Thursday, March 17, 2011
It's been a couple weeks since we got home now and I've settled back into my world, finally, as have the kids. That's not to say that there isn't a little backward looking on all of our parts. This morning Théa asked Liam, "Do you remember when we went and looked under the rocks for shells by the campground?" It's funny the memories their minds pull out, but that was a wonderful day. There was a little pool down past where our tent was perched that we could get to only by gravity defying scrambling - a train of flipflops skittering down the cliff, passing from one hand to the next. But once there, there was tidepooling galore, and a place we could swim amid the froth of cascading waves, and under the rocks, shells. We brought home quite a few and I'd like to make them into a mobile or something to hang by the window. Later in the visit, Théa, Chris and I went back down there a couple times and swam in the froth, getting pulled back and forth by the waves like riding the most gentle swing, Théa squealing at the vats of foam. It was a special spot. There are so many memories like that - but they have all blended into this collective feeling of joy that I was able to spend that time with them, and the feeling seems to have followed us home.

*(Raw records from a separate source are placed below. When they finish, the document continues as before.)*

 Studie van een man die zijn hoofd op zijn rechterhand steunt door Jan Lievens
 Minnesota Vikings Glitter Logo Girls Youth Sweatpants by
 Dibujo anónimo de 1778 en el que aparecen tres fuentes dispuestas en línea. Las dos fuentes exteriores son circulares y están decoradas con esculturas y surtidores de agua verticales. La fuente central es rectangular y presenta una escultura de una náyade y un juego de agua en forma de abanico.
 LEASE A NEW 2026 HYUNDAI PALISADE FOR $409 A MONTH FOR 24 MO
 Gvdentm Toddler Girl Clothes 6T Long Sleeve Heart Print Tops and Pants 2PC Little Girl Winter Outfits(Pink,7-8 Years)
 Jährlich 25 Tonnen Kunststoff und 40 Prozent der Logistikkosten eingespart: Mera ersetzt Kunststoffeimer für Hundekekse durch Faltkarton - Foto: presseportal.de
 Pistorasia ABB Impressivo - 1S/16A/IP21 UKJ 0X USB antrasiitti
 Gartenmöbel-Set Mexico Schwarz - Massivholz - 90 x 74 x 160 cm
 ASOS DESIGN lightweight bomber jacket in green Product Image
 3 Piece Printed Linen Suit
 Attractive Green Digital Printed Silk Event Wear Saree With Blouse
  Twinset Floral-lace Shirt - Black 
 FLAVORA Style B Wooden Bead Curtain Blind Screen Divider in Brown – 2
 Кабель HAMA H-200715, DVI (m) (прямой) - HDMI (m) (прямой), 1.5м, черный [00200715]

It is spring break right now and the kids have been with me all week. It's funny but the time in Hawaii really shifted something for me. I've slowed down and I'm enjoying them a lot more. Their little quirks and silliness - even their squabbles. I don't quite know why it all is that much more amusing now - my patience seems to have extended quite a bit. Not to say there aren't moments, but... I'm just happy to have my warm, comfortable home, the kids pingponging through it, and the chance to tell them how much I love them. Gratitude - perhaps that's what I have discovered. As the world unfolds and images fill my screen of devastation elsewhere that surpasses my capacity to grasp, I feel endless gratitude, for my children, my life in Alaska, my friends. We really do have the opportunity to view situations in whatever light we cast them, and I choose rosy.